(Data excerpts)
·····

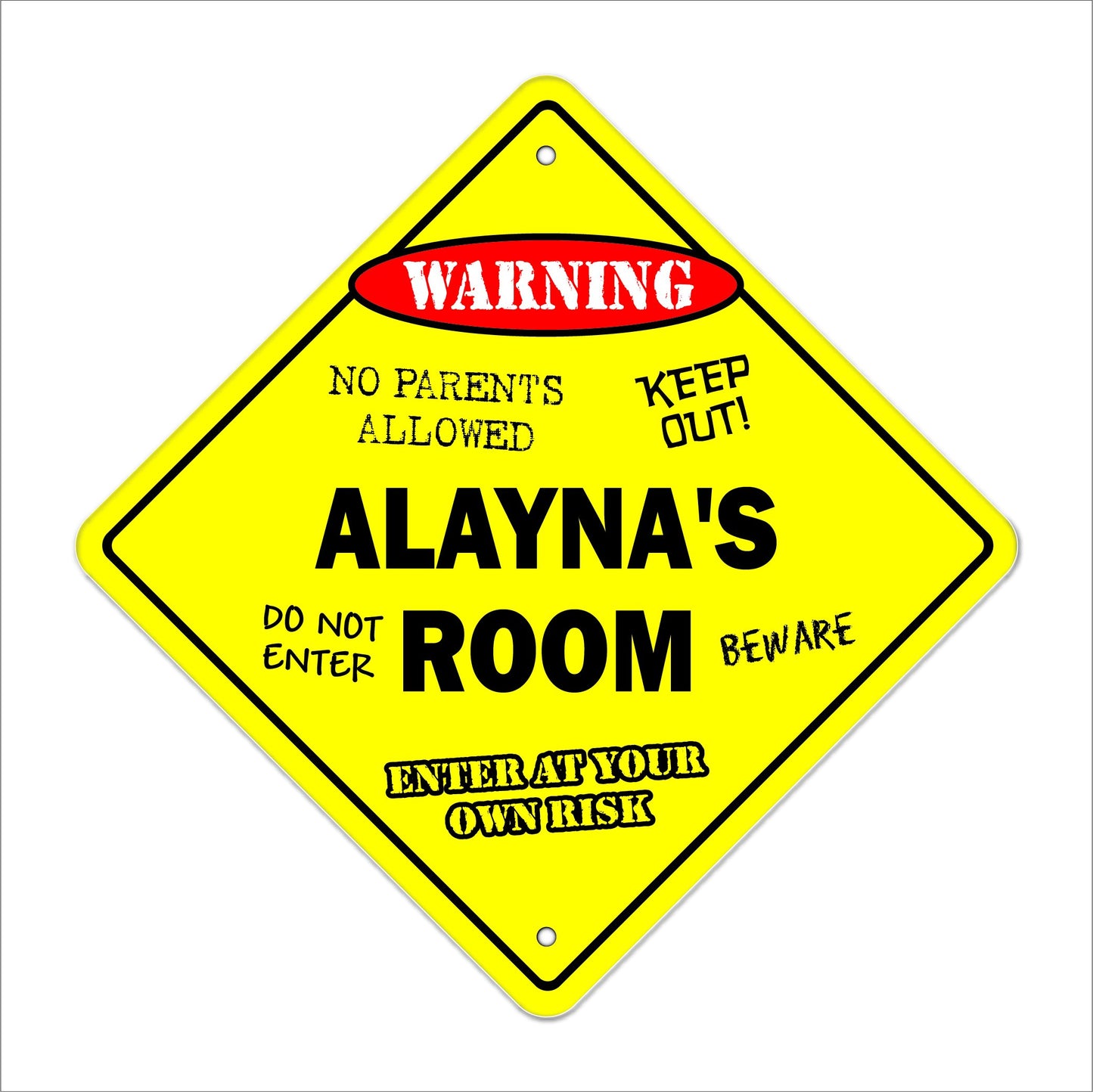 Alayna's Room Sign Crossing Zone Xing | Indoor/Outdoor | 12" Tall Kids Bedroom Decor Door Children's Name boy Girl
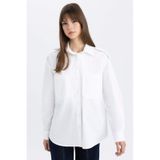 DeFacto Relax Fit Poplin Uzun Kollu Tesettür Gömlek Tunik C2145AX24SPWT34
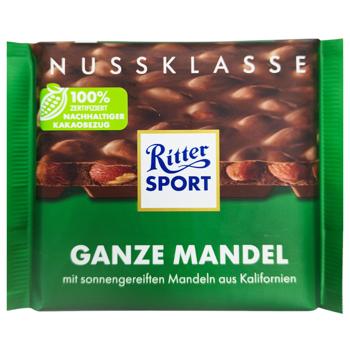 Шоколад молочний Ritter Sport з цільними мигдальними горіхами 100г - купити, ціни на КОСМОС - фото 1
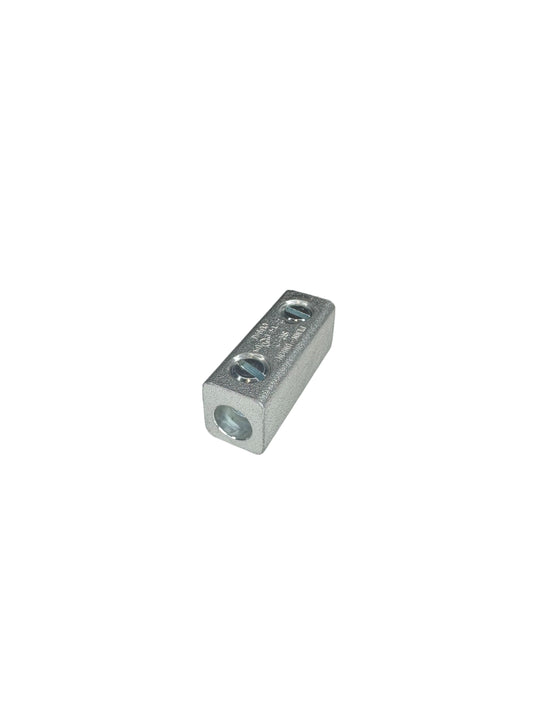 Aluminum splicer meant to join two wires together.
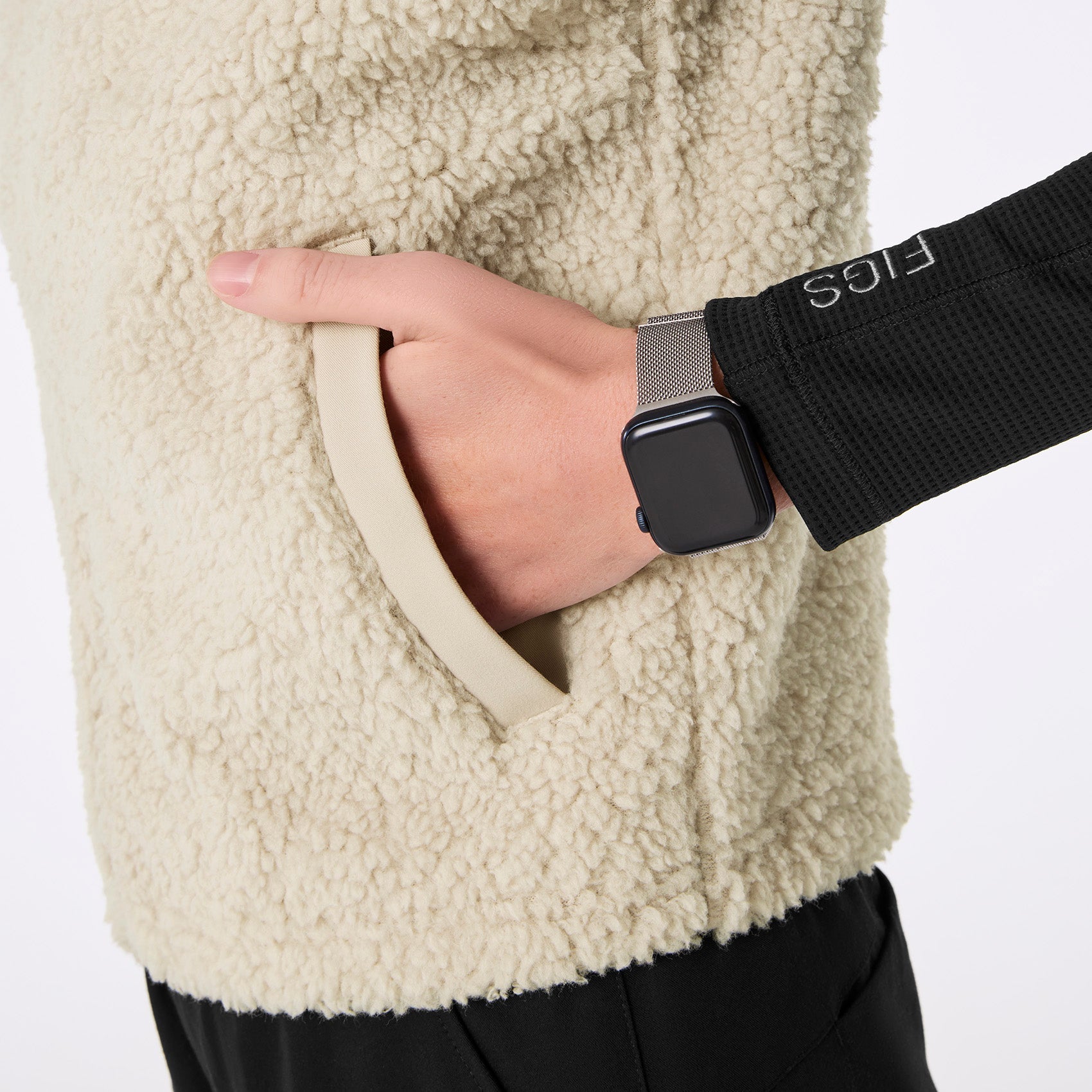 High-Pile Fleece Vest - Bone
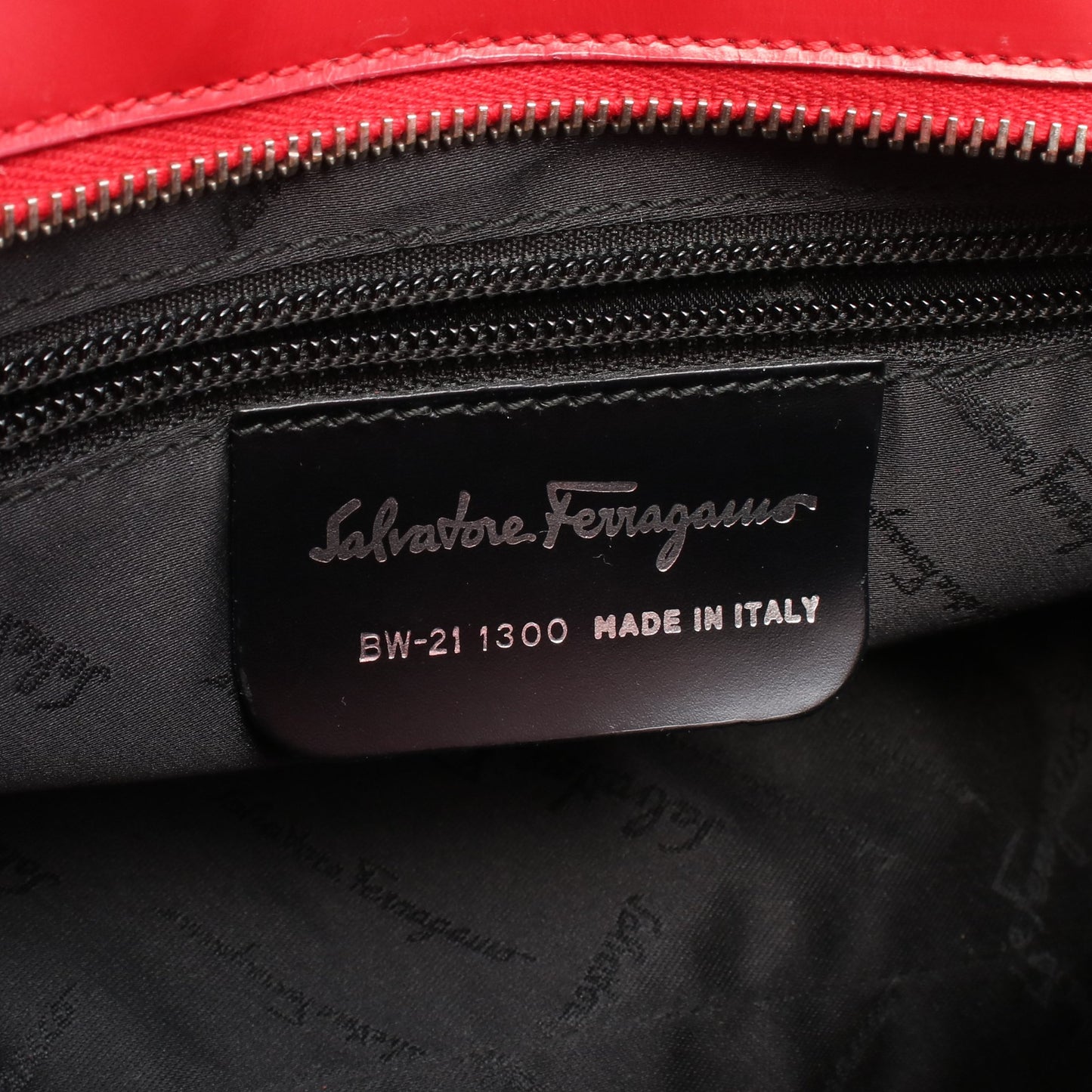 ガンチーニ ハンドバッグ リネン レザー ベージュ レッド サルヴァトーレフェラガモ バッグ Salvatore Ferragamo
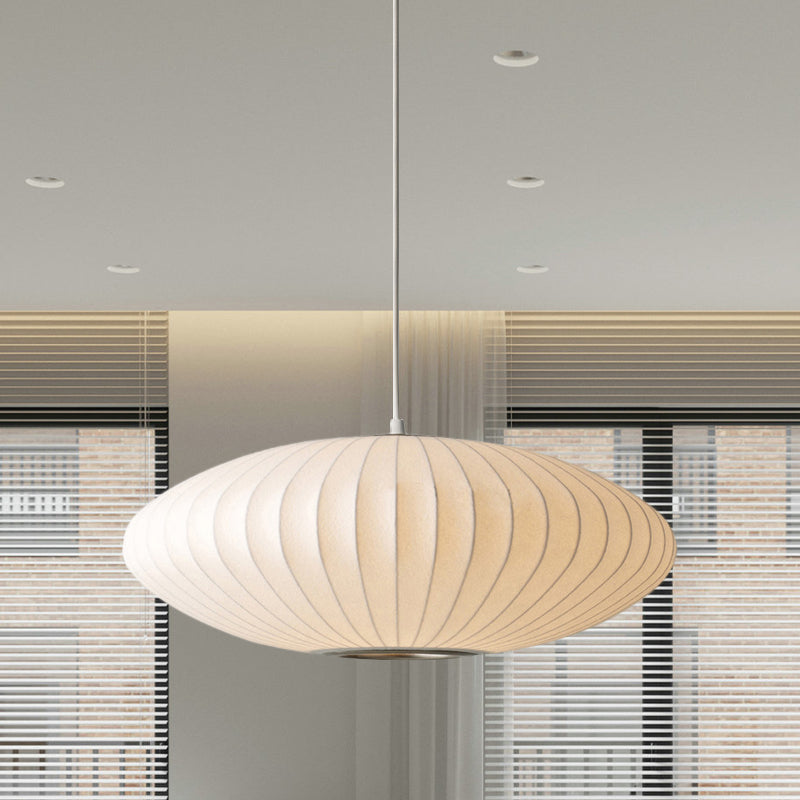 Witte stoffen trommelvormige hanglamp met verstelbaar snoer voor kookeiland, eetkamer, slaapkamer, woonkamer, moderne plafondlamp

·····

● **TO DO**
Exclude all pictures and return precisely the lines from the one containing "Шоколад молочний Ritter" through the closing line of the data.

● **SOLUTION**
 Шоколад молочний Ritter Sport з цільними мигдальними горіхами 100г - купити, ціни на КОСМОС - фото 1
 Aluminum splicer meant to join two wires together.
 High-Pile Fleece Vest - Bone
 ガンチーニ ハンドバッグ リネン レザー ベージュ レッド サルヴァトーレフェラガモ バッグ Salvatore Ferragamo
 Witte stoffen trommelvormige hanglamp met verstelbaar snoer voor kookeiland, eetkamer, slaapkamer, woonkamer, moderne plafondlamp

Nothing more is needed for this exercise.